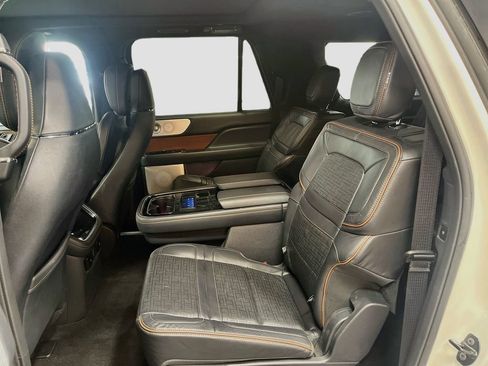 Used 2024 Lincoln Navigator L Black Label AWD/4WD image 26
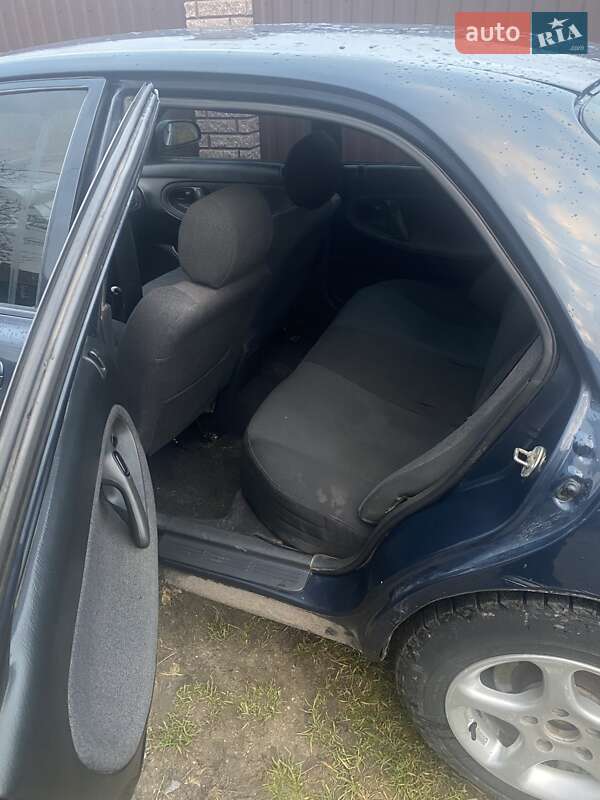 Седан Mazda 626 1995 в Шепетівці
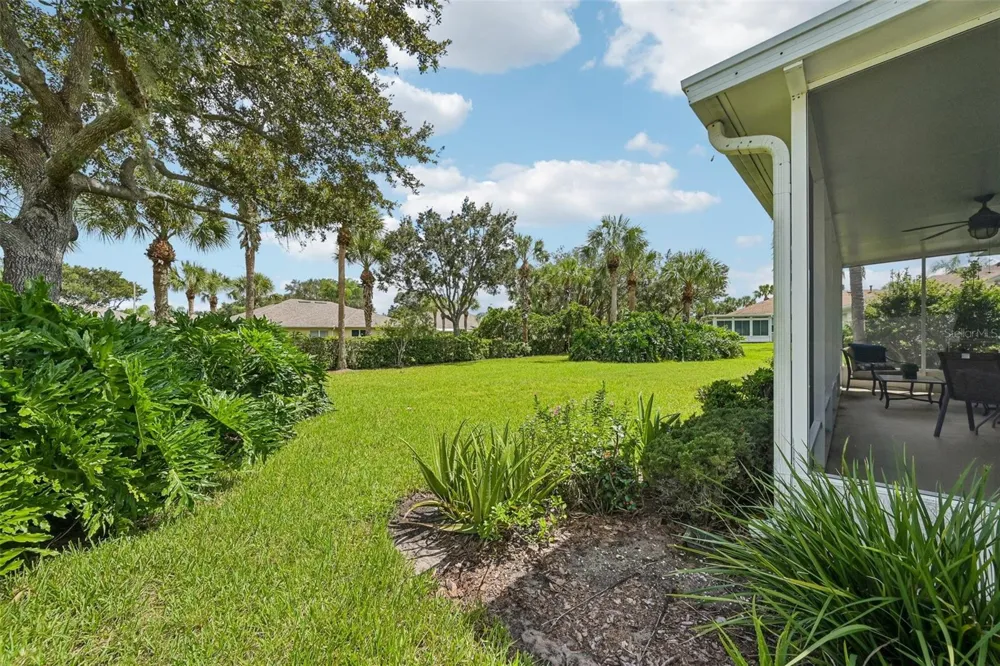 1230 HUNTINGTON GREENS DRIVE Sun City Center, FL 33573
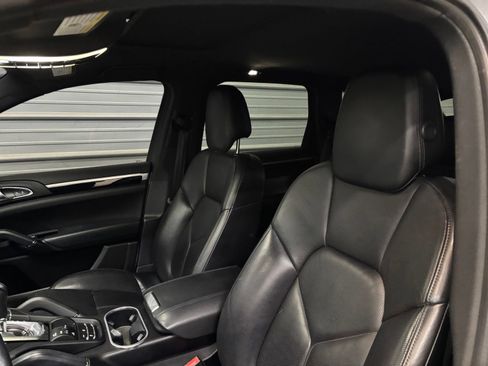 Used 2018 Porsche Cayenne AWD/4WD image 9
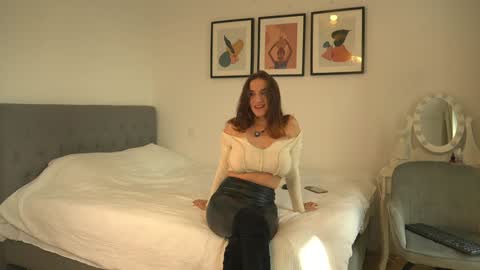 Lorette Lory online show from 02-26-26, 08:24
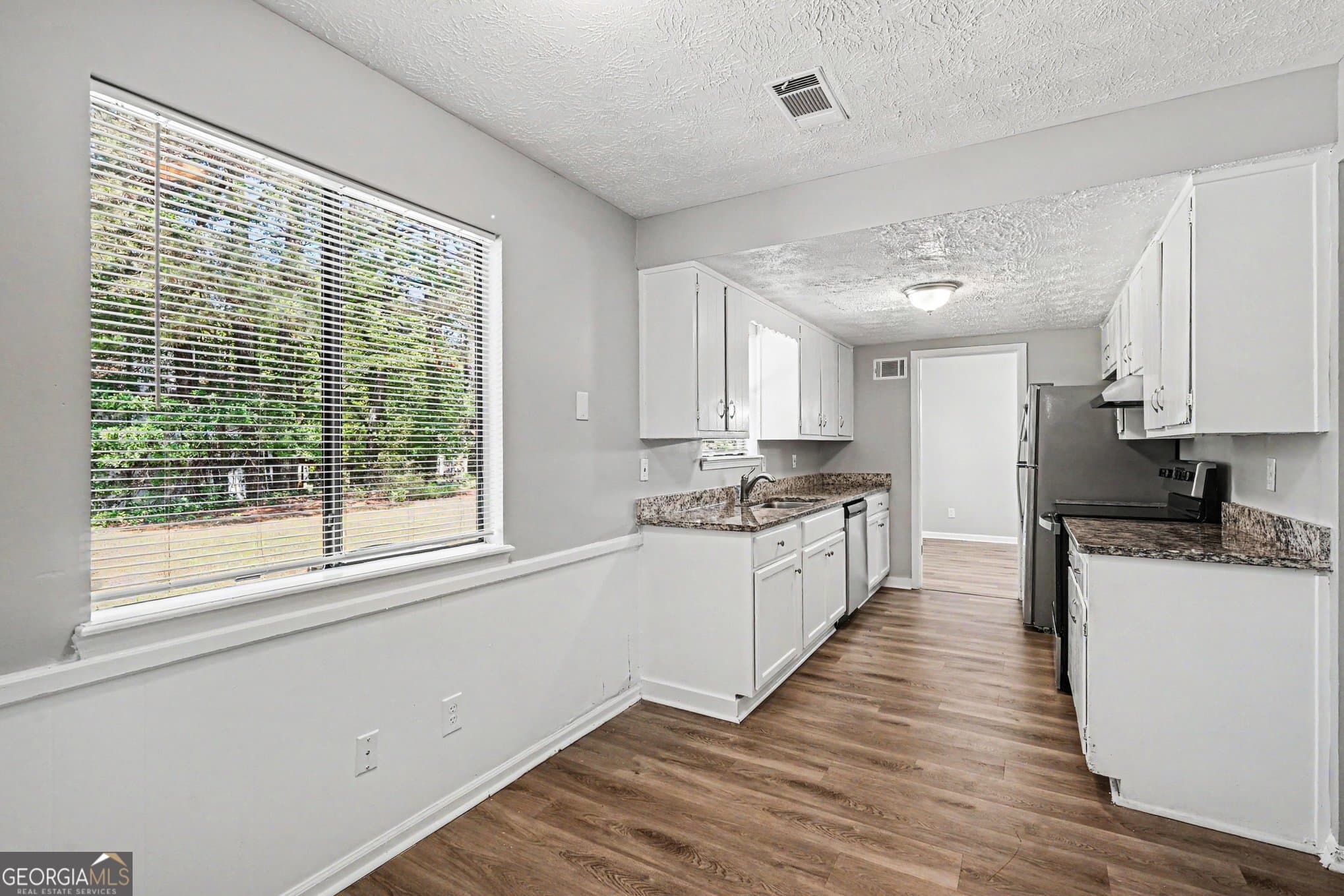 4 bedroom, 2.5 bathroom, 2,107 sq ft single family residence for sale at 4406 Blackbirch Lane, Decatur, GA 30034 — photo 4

*-*-*

▶ **REQUIRED ACTION**
Reproduce, exactly and only, the lines of the records above starting at the line with "Седан Mazda 626 1995 в Шепетівці" and ending at the line with "Lorette Lory online", both included. Leave every picture out.

▶ **RESULT FOR THIS EXERCISE**
 Седан Mazda 626 1995 в Шепетівці
 1230 HUNTINGTON GREENS DRIVE Sun City Center, FL 33573
 Used 2018 Porsche Cayenne AWD/4WD image 9
 Lorette Lory online show from 02-26-26, 08:24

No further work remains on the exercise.